Some of the areas these accountants can help with include:
- Tax efficient ownership structures
- Repatriation of profits
- Withholding taxes and tax clearances
- Double taxation relief
- Controlled Foreign Companies planning
- Managing enquiries from local and UK tax authorities
- International payments & foreign exchange
- Overseas workers Tax support
- Worldwide VAT (VAT registrations, Cashflow Implications of VAT, VAT repayments)
- Acting as an Overseas subsidiaries
- Strategical advice
It is possible to use a UK based Accountancy as many have connection with overseas Accountancy or are multinational with offices worldwide.
Before you fulfil an order, think about what happens if a buyer does not pay.
You should:
- research the country to see what legal recourse you have
- consider a payment method that offers more security like a letter of credit
- consider getting insurance to cover the risk of non-payment (credit insurance)
Credit insurance explained
What is credit insurance
Trade credit insurance is an insurance policy and a risk management product offered by private insurance companies. Exporters can take advantage of an insurance policy to protect themselves from the non-payment, insolvency, or bankruptcy of their customers.
A policy can also include an element of political risk insurance which insures against the risk of non-payment by overseas buyers due to issues brought about by or as a result of foreign governments, such as political unrest, changes in the law, nationalisation, inflation and currency issues.
How credit insurance works
In order to arrive at a proposal for your business, a credit insurer will review your existing sales and customer base. Based on an evaluation of this, they will propose credit limits which they can insure. These are usually either client or country limits, and your business will be covered to the extent of these limits over a given time period.
Trade credit insurance usually covers an exporter’s total order book and not just individual one-off accounts.

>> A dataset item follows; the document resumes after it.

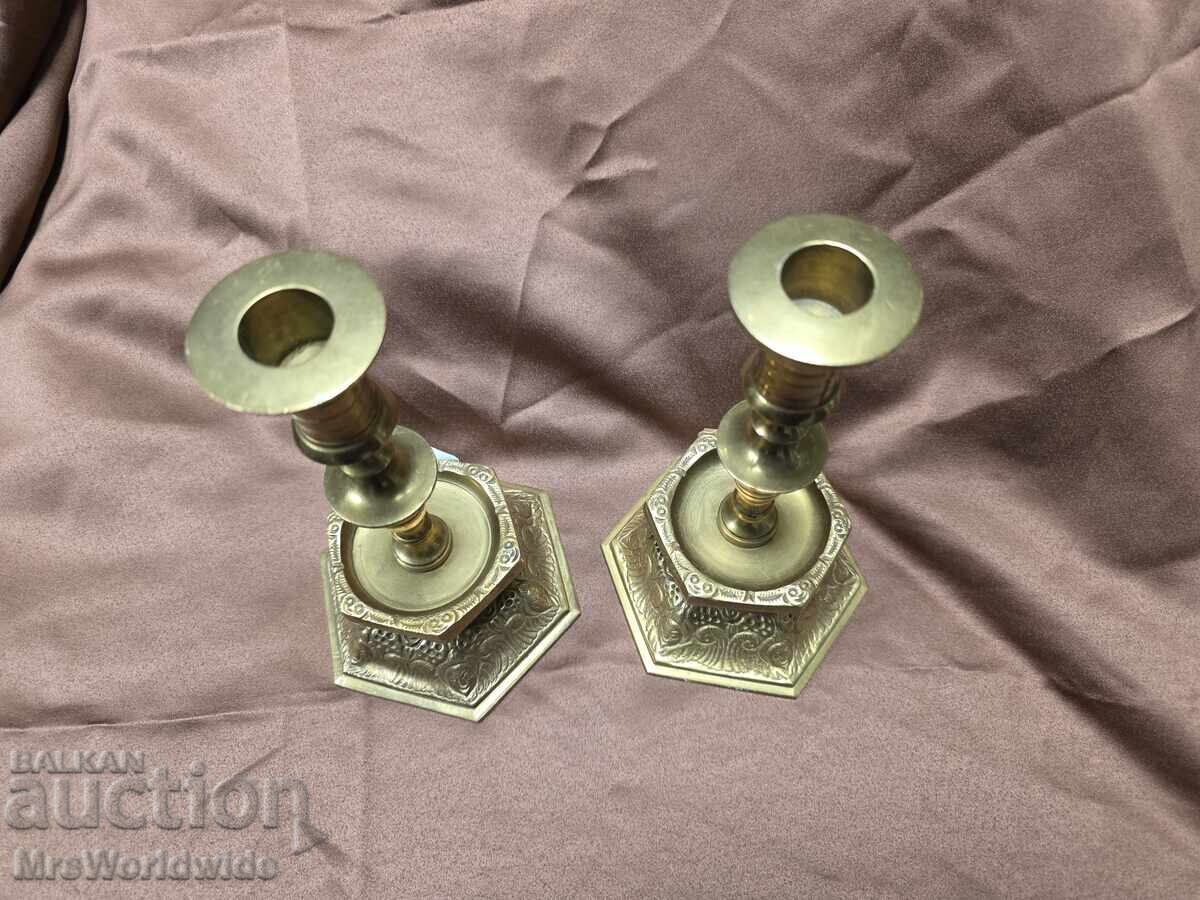 Old brass beautiful candlesticks - 5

The insurance premium rate reflects the average credit risk of the exporter’s order book of customers and will usually be a percentage of the credit limits covered, typically around 1 – 2%.

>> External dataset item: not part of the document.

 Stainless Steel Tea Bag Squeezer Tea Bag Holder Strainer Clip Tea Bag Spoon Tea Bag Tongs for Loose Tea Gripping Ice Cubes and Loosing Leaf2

Typically, the policy will pay out a percentage of the value of your outstanding invoices over a given term (e.g. 12 months). If you make a claim, the policy will only pay out a given percentage of the outstanding debt owed. This figure can vary significantly but will typically be in the range of 75 – 95%.
As a business, you will need to consider the cost of the insurance versus the risk of non-payment by clients.
Trade Credit can be obtained from UK Export Finance (www.gov.uk/government/organisations/uk-export-finance) or from most Insurance companies.
Finance & other Funding Providers
For many businesses, the first port of call when seeking business financing will be their bank. One reason for that is the guidance that banks will be able to give. Because of the knowledge they’re likely to have about you and your business, they can help to quickly identify the most appropriate sources of funding. Of course, banks themselves have a range of options available. These include
- Unsecured business loans: A straightforward way of borrowing money, with fixed repayments (including interest) over a set period of time. Loans are most suitable for medium to long-term plans.
- Secured business loans: As well as unsecured borrowing, you can also use a range of your company’s assets, including property, inventory or equipment, as security for a loan. This can be an effective way of raising cash for working capital or investment. The amount you could borrow will depend on the value of the asset. Secured loans will usually offer a lower rate of interest than unsecured borrowing, while unsecured loans allow you to borrow without placing assets at risk of repossession.
- Overdrafts: These are more suitable for day-to-day requirements rather than for fueling the growth ambitions of established companies. They can be useful in helping to provide financial support when your business needs it most.
- Business credit cards: These are most effective when used in a similar way to overdrafts and are best suited to day-to-day needs. They can provide a lifeline when waiting to harvest the fruits of your business investments.
- Invoice finance: Invoice finance gives you the power to unlock cash tied up in your outstanding invoices and can provide an ongoing solution that grows with your business. It’s ideal if you have long payment terms, or if your business is growing and you’re looking for money to help you seize new opportunities.
- Asset finance: This helps you to fund the purchase of an asset. It allows you to spread the cost through regular repayments and means you don’t have to use valuable working capital to pay a lump sum up front. Asset Finance can be a good way to preserve capital and generate an income from an asset while you’re paying for it.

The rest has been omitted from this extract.